■ **Required work**:
Every record below, from first to last, should be copied exactly; leave the pictures out.

Exercise materials START

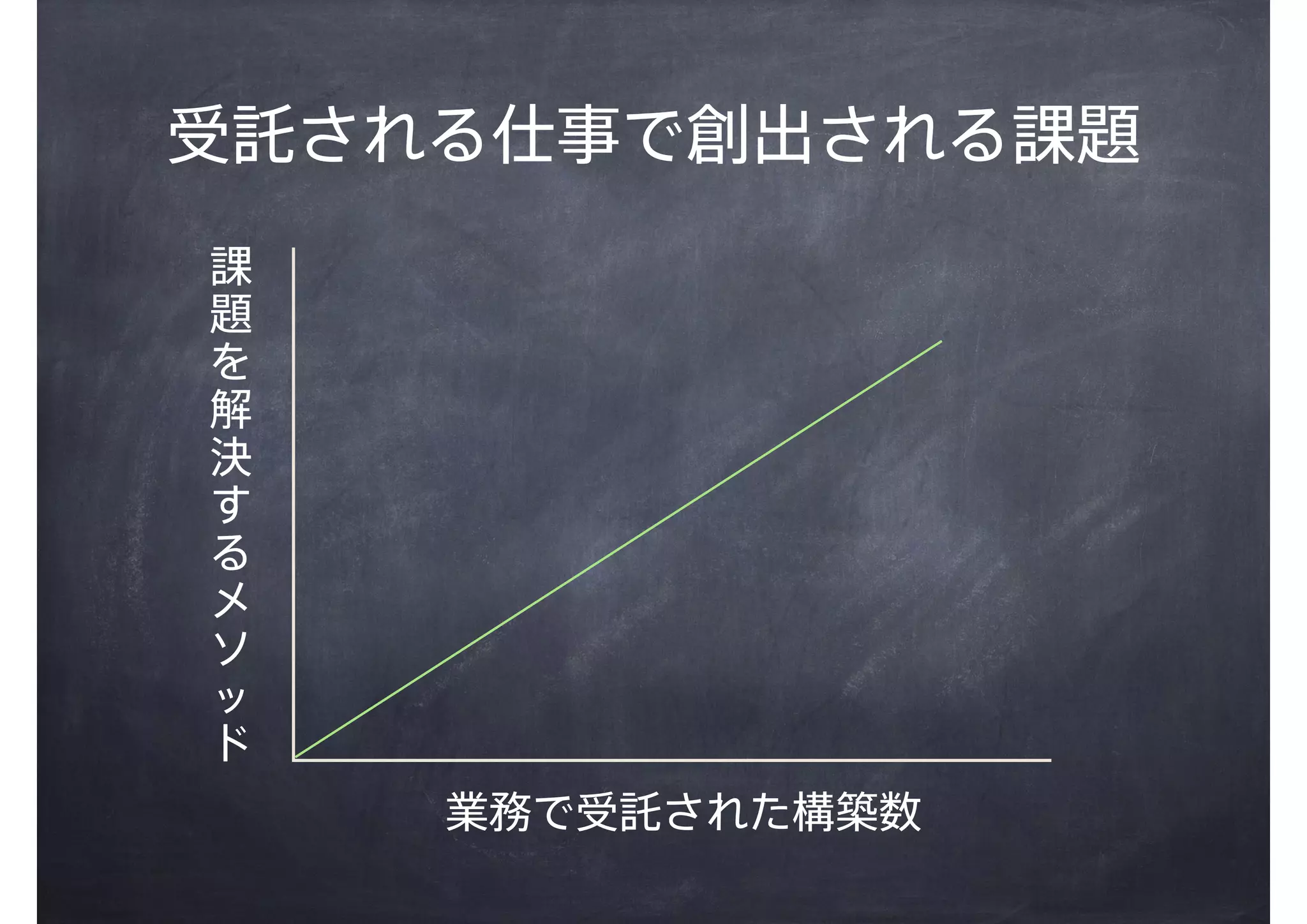 業務で受託された構築数
課
題
を
解
決
す
る
メ
ソ
ッ
ド
受託される仕事で創出される課題
 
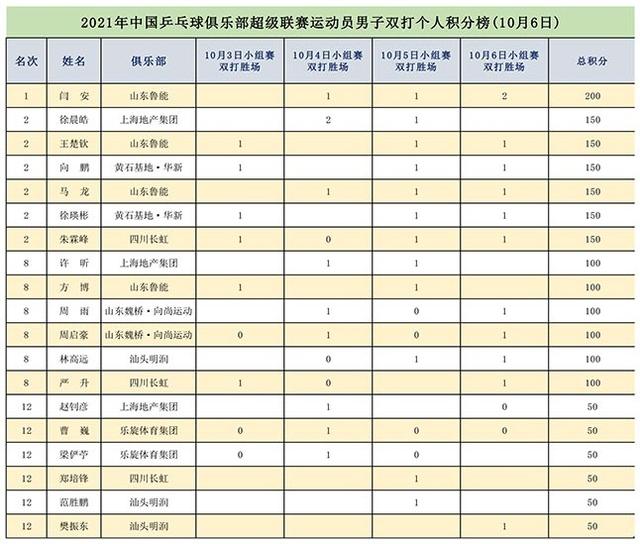 长沙男篮再夺胜利，战绩暂列积分榜榜首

Exercise materials END

■ **Exercise response**:
 業務で受託された構築数
課
題
を
解
決
す
る
メ
ソ
ッ
ド
受託される仕事で創出される課題
 
 长沙男篮再夺胜利，战绩暂列积分榜榜首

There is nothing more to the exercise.